Une enquête Harris menée pour RTL relève que 44 % des Français ont déjà payé des biens et services au black.
L' économie souterraine, la débrouille, l'auto-suffisance, la progression du troc et des échanges de biens et de services sont-ils autant de caractéristiques d'une société où le civisme et la solidarité n'ont plus cours ?
Peut-être s'agit-il surtout d'une obligation et le seul moyen de subsister pour une partie de la population non déclarée, financièrement aux abois. Qu'elle soit jeune, d'âge moyen ou âgée, urbaine et rurale.
Cette économie parallèle institutionalisée dans les faits, en France comme dans l'ensemble des pays sud-européens, est une nécessité et une question de survie pour un nombre croissant de gens en âge et en état de travailler. Il est bien inutile de prétendre réformer une structure sociale en déshérence, sans changer radicalement le système économique et financier qui a cours.
Il ne sera même pas la peine d'évoquer à nouveau la rengaine ressassée à droite du coût du travail. D'autant que le travail et en conséquence l'argent font défaut pour beaucoup de concitoyens autour ou largement au-dessous du seuil de pauvreté. Il ne s'agit plus non plus de vouloir s'en prendre à ceux qui bénéficieraient du privilège d'un travail et de conditions de travail acceptables et/ou d'une protection sociale raisonnablement dignes d'un pays développé. D'ailleurs les "opérateurs" qui sont les premiers à avoir recours au travail au noir, sous toutes les formes imaginables, sont ceux qui ont au moins un peu de marge économique et qui "permettent" parfois aux plus démunis de survivre.
Le courage politique est ailleurs. Il consisterait à lutter d'abord contre les fraudes et évasions fiscales de toutes natures. A contrôler les subventions publiques accordées sans véritables contreparties à de nombreuses activités privées non productives. A renoncer avec une même volonté de changement à continuer à accorder des privilèges, exhorbitants du droit commun, à un grand nombre de catégories nanties. Comme le sont par exemple et généralement les rentiers riches, les exilés fiscaux, les politiciens professionnels, les membres de la haute fonction publique, de nombreux patrons d'industries subventionnées, de l'agro-alimentaire à la presse, en passant par le BTP, les prétendus instituts de formation etc. Quand, dans le même temps, on s'abstient de pénaliser la financiarisation d'entreprises peu ou pas génératrices de richesse pour la collectivité et juteuses pour les actionnaires.

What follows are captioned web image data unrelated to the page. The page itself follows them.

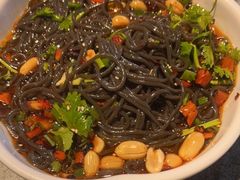 酸辣蕨根粉-华盛园卷子王农家菜水库鱼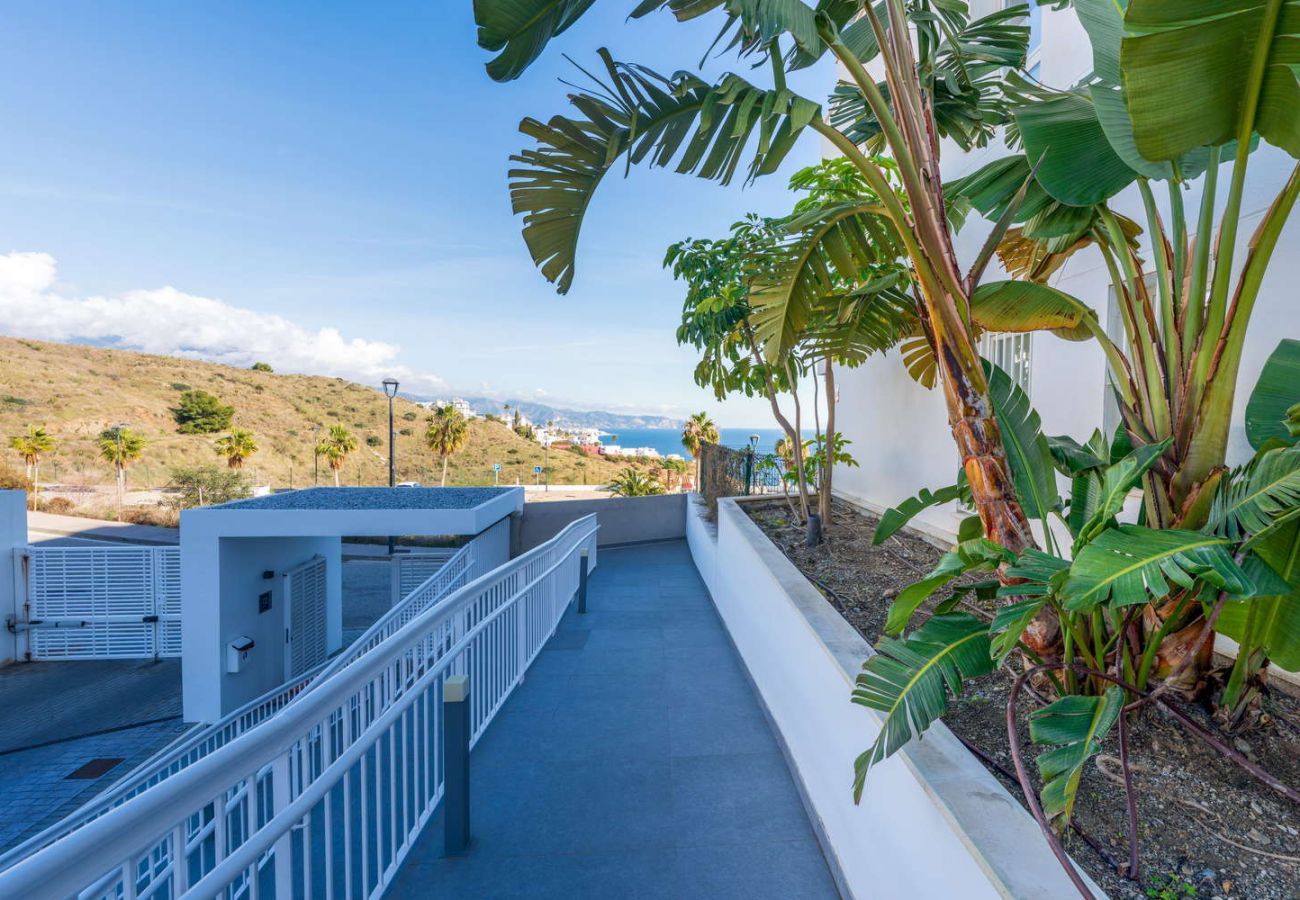 Ferienwohnung in Torrox Costa - Isea Calaceite 1111: Luxus-Apartment mit Meer- und Poolblick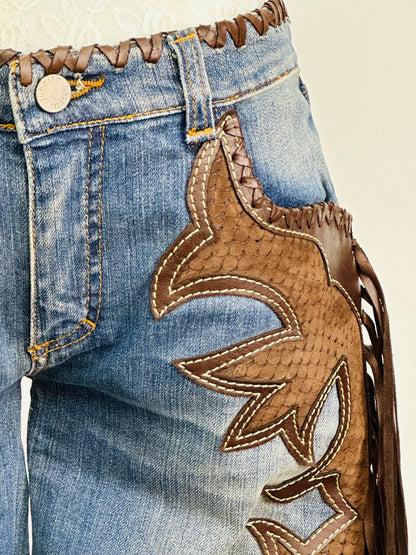 ￼ROBERTO CAVALLI - Jeans Western Revival in Denim e Pelle con Frange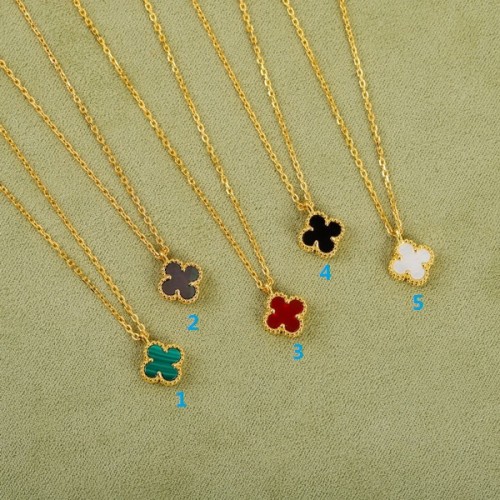 Van Cleef & Arpels Vintage Alhambra Pendant Necklace Van Cleef & Arpels Vintage Alhambra Pendant Necklace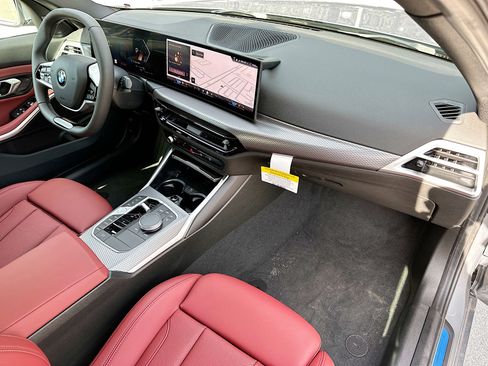 New 2025 BMW 330i Sedan w/ M Sport Package image 26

Une fracture sociale du travail divise le pays. Elle s'est installée frontalement entre ceux qui profitent du système, par leur position ou par héritage, et les victimes du système : pauvres, chômeurs, déclassés de toutes sortes, affaiblis par un système sans pitié ni bienveillance à l'égard des laissés pour compte du capitalisme dit libéral qui ravage autant que l'a fait le capitalisme d'Etat à la soviet.
La vraie ligne de partage s'apparente à la lutte de classes. Qui est en train de renaître activement en ce moment, si tant est qu'elle avait disparu. Le front de classes revient en dépit d'une confusion des situations, voire des opinions. Celles qu'a entretenu, par exemple, le mouvement hétéroclite dit des bonnets rouges. Cet exemple de populisme et de démagogie est de ceux qui ouvrent la porte aux débordements anti-démocratiques.
Le black, l'illicit work, le travail clandestin et les clandestins du travail sont un désastre pour la démocratie. Ils engendrent un sous-prolétariat condamné à la survie et peu enclin à la révolte, dont profitent, provisoirement, bien sûr, tous ceux qui ont de quoi payer. Avec ou sans TVA et charges sociales.